__Task data__.
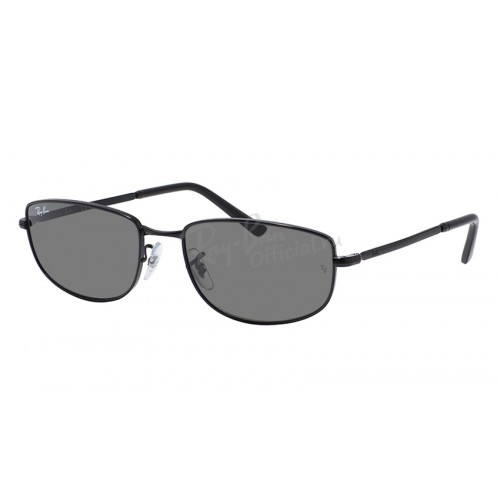 Ray-Ban Icons RB 3732 002/B1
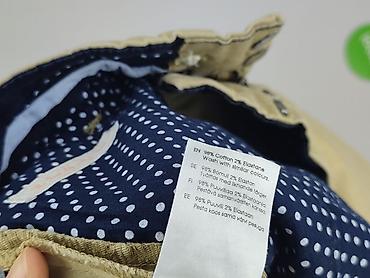 cienka: Lindex, Spodnie materiałowe damskie, rozmiar XL — 5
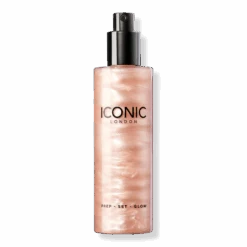 ICONIC LONDON PREP SET GLOW
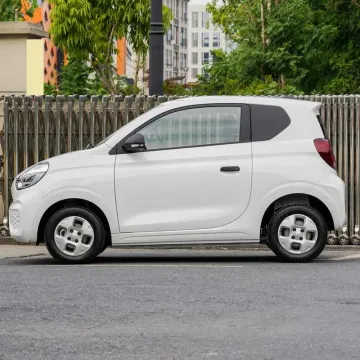 New Saic Clever EV for Sale in 2023 Made in China for Adult Electric Car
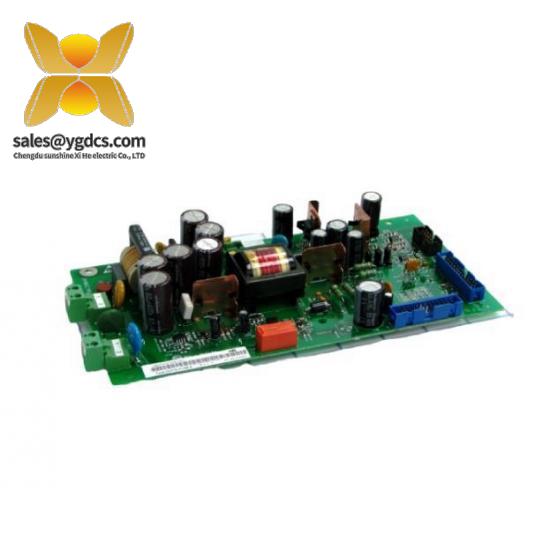 ABB SDCS-POW-1  DCS Module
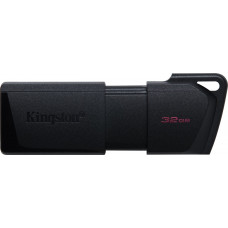 Kingston 32 GB DataTraveler Exodia M USB 3.2 Black (DTXM/32GB)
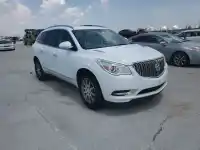 Buick ENCLAVE внедорожник (2008 - 2017)  FI (7)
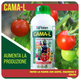 CAMA-L Concime calcio magnesio per orto contro marciume apicale Difesa piante olio di neem biologico naturale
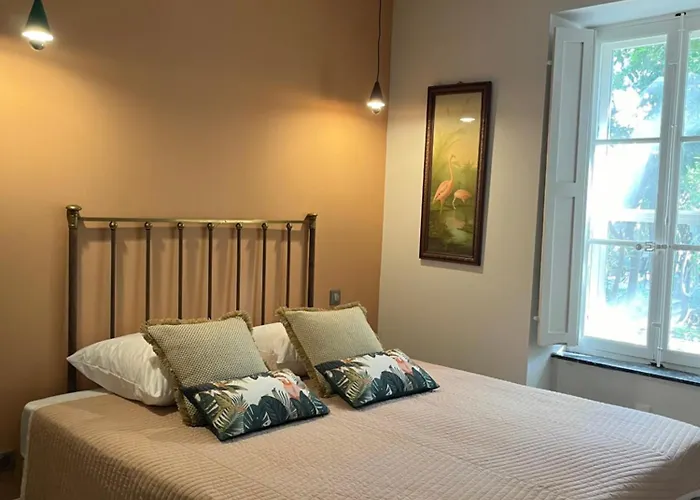 بيت للعطل La Maison De Auguste *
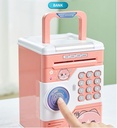 Password Safe / حصالة الأطفال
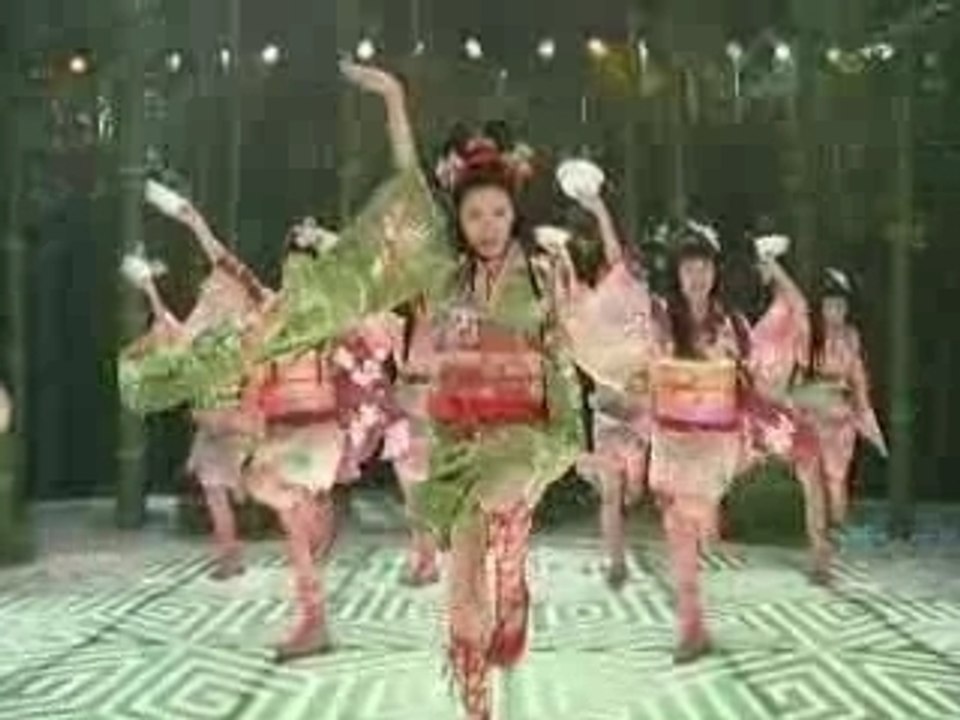 NISSIN UFO 2005
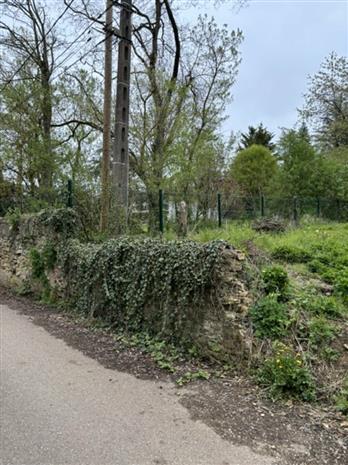 Terrain Vente 57130 JOUY-AUX-ARCHES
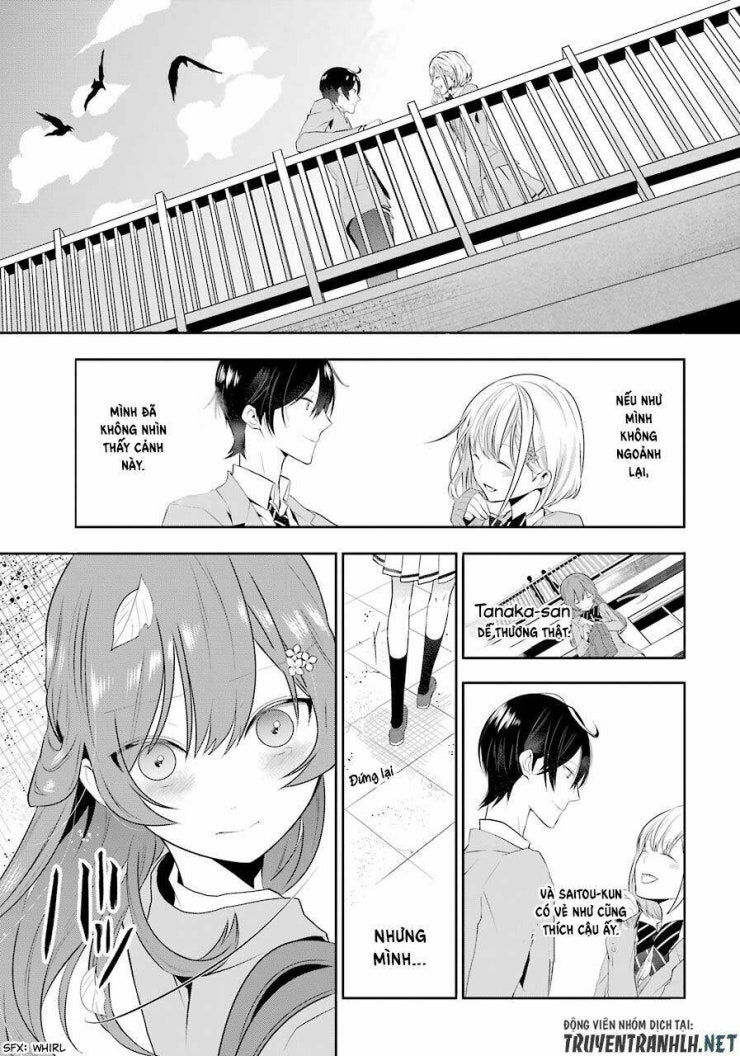 Tales Of Reincarnation In Maydare - Page 12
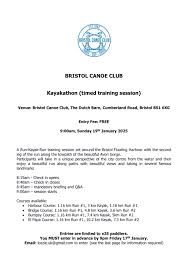 Image result for Bristol Canoe Club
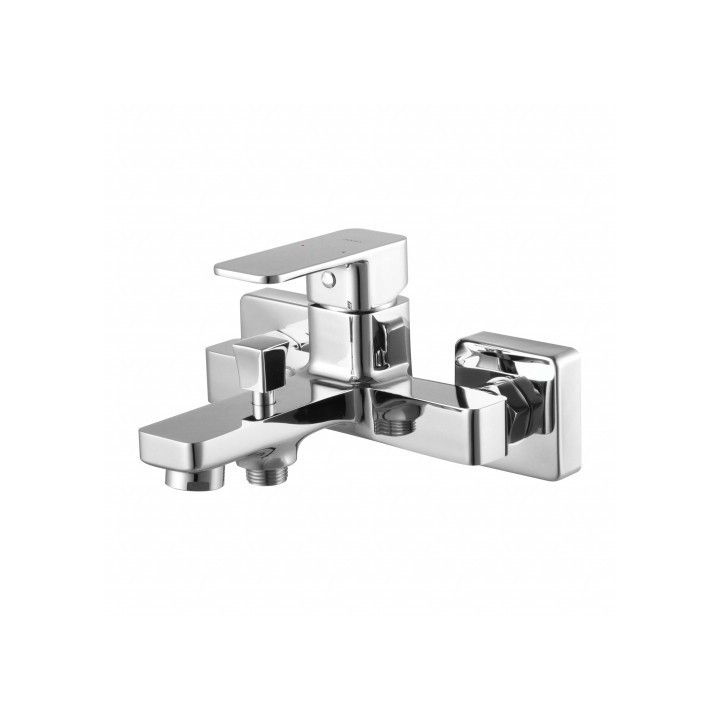 Bateria wannowa Omnires Apure chrom AP2230CR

__Task statement__. Pictures are to be omitted. The lines from the line holding "Tales Of Reincarnation In Maydare - Page 12" through the closing line of the data above are to be set down exactly, and nothing more.

__Answer space__.
 Tales Of Reincarnation In Maydare - Page 12
 Image result for Bristol Canoe Club
 Bateria wannowa Omnires Apure chrom AP2230CR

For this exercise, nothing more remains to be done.